Gut microbiota can influence the efficacy of chemotherapy by several mechanisms, such as xenometabolism, immune reactions, and altered community structure [395], and can modify or metabolize anti-cancer drugs. It has been found that 5-fluorouracil (5-FU)-sorivudine, used in anti-cancer bi-therapy, may be metabolized by Bacteroides spp.; this inhibits the degradation of 5-FU, resulting in its accumulation in the blood and potentially the death of the patient. In addition, some bacteria, such as Bacteroides spp., Faecalibacterium prausnitzii, and Clostridium spp., can increase the toxicity of cancer therapy by producing β-glucoronidase. These bacteria can also increase the toxic effects of the topoisomerase I inhibitor irinotecan, an anti-cancer drug used in pancreatic and colorectal cancer; the drug itself is a prodrug that is metabolized into the active agent SN38. The presence of the bacteria can result in increased SN38 levels, resulting in serious diarrhea [393,396,397]. Gut microbiota have also been implicated in side effects in chemotherapy for other cancers, such as melanoma, lung cancer, colon cancer, and sarcoma. Gut microbiota may also bestow a beneficial effect on chemotherapy. One commonly used chemotherapy drug is cyclophosphamide (CP). CP induces the translocation of commensal bacteria into secondary lymph organs, influencing the maturity of T helper 17 cells and shifting to the Th1 immune response. The immune responses facilitate a systemic anti-tumor effect [398]. The influence of gut microbiota on chemotherapy has been confirmed in a number of animal studies, particularly those based on Gram-positive bacteria, such as Enterococcus hirae, Lactobacillus johnsonii, Ligilactobacillus murinus, and segmented filamentous bacteria [398]. Animal studies have also revealed that the effect of platinum-based anti-cancer drugs, such as oxaliplatin or cisplatin, is enhanced by Lactobacillus acidophilus, restoring the anti-tumor activity of cisplatin in resistant cases [399]. Other studies have examined the interaction between microbiota and chemotherapeutic compounds [166].

8.3. Radiotherapy

Radiotherapy, or ionizing radiation therapy (RTX), is commonly used for patients with solid cancers. Unfortunately, RTX alters the microbiota composition.

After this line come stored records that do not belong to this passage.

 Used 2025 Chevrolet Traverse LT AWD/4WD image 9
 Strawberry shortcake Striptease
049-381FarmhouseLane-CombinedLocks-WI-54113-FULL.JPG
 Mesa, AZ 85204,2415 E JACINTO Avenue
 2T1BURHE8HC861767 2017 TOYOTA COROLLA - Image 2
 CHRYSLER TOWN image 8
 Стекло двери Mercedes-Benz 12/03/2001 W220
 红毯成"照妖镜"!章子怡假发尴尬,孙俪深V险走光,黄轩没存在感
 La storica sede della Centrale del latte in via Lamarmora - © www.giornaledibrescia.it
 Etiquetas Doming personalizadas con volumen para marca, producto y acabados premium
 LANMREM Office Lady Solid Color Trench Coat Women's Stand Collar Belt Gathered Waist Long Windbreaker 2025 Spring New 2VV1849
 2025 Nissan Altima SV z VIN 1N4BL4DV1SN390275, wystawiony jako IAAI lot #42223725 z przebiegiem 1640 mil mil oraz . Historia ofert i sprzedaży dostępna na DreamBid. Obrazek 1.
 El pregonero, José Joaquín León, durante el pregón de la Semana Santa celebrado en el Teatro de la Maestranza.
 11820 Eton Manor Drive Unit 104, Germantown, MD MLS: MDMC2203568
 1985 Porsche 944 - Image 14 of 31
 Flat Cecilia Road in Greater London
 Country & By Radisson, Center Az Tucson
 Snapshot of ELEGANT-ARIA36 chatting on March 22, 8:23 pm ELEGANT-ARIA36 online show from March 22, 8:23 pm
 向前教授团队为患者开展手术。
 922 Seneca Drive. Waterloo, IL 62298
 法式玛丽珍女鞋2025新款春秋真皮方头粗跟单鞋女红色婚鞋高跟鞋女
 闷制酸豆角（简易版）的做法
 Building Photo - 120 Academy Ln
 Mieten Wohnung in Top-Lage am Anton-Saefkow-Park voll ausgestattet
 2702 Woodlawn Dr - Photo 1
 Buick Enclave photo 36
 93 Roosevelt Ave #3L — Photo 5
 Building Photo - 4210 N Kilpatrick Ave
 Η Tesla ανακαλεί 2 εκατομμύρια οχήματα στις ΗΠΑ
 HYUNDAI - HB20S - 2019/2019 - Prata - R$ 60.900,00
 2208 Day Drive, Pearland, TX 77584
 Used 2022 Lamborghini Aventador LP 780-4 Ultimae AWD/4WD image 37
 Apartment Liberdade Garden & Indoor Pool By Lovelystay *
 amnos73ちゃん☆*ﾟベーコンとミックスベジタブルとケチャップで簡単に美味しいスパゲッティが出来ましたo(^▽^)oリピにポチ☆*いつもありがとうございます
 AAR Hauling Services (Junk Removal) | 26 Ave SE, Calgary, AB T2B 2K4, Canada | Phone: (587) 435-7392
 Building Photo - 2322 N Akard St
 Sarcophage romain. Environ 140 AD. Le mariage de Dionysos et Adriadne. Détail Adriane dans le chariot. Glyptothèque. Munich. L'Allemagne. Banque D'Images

Patients receiving RTX often demonstrate various pathologies, such as oral mucositis, enteritis, and diarrhea, which are believed to occur in response to changes in the composition of the epithelial surface microbiota. Studies suggest that irradiation-mediated intestinal toxicity is regulated by Toll-like receptor-3 (TLR3); therefore, the suppression of TLR3 signaling may decrease the gastrointestinal damage due to radiotherapy. This beneficial effect was observed after the administration of mixtures of B. bifidum, L. acidophilus, L. casei, Streptococcus spp., which are believed to reduce radiation-induced gut toxicity. Animal studies indicate that the orally administered Streptococcus, Lactobacillus, and Bifidobacterium spp. mixture protects animal models against toxicity due to radiotherapy [393].

8.4. Probiotics

Most studies are focused on the role of gut microbiota in the inhibition of cancer development, or on cancer therapy-related toxicity [400]. For example, probiotic VSL#3, which contains eight strains of lactic-producing bacteria, protects against radiation-induced diarrhea [401,402]. Several studies describe the beneficial role of probiotics in reducing side effects associated with anti-cancer therapy. The results obtained in humans have been confirmed in animal models. For example, L. casei may inhibit the progression of colon cancer, inducing apoptosis [403]. VSL#3 was found to induce anti-angiogenic effects and reduce inflammation, thus preventing the progression of subcutaneous hepatocellular carcinoma in an animal model [404]. However, further larger controlled clinical trials are needed on the beneficial effects of probiotics in cancer therapy [167].

8.5. Prebiotics

Prebiotics are typically substances intended as food for intestinal bacteria. Metabolized prebiotics act as tumor suppressive metabolites [21]. For example, polysaccharides may be metabolized to SCFAs, increasing the share of Bifidobacterium spp., [405], which inhibits the growth of cancer, and facilitates anti-PD-L1 efficacy. Herbal supplements may be metabolized into anti-cancer compounds. Animal studies suggest that metabolites of American ginseng may attenuate colon carcinogenesis; these metabolites decrease the abundance of Gram-negative bacteria, such as Bacteroidales and Verrucomicrobia, that are involved in tumorigenesis, and increase the abundance of Gram-positive bacteria, such as Firmicutes, which have an anti-tumorigenic role [406]. The beneficial roles of prebiotics in anti-cancer therapy have been described elsewhere [108].

8.6. Synbiotics

Synbiotics are the combination of probiotics and prebiotics. Few studies have been performed on the role of this mixture in cancer therapy. Patients with periampullary cancers undergoing curative or palliative treatment were treated with a mixture containing Lactobacillus acidophilus, Lacticaseibacillus rhamnosus, Lacticaseibacillus casei, and Bifidobacterium bifidum as a probiotic, and fructooligosaccharides as a prebiotic. These patients demonstrated decreased postoperative mortality and complication rates [407]. Clearly, the use of pre- and synbiotics in anti-cancer therapy requires more studies [397].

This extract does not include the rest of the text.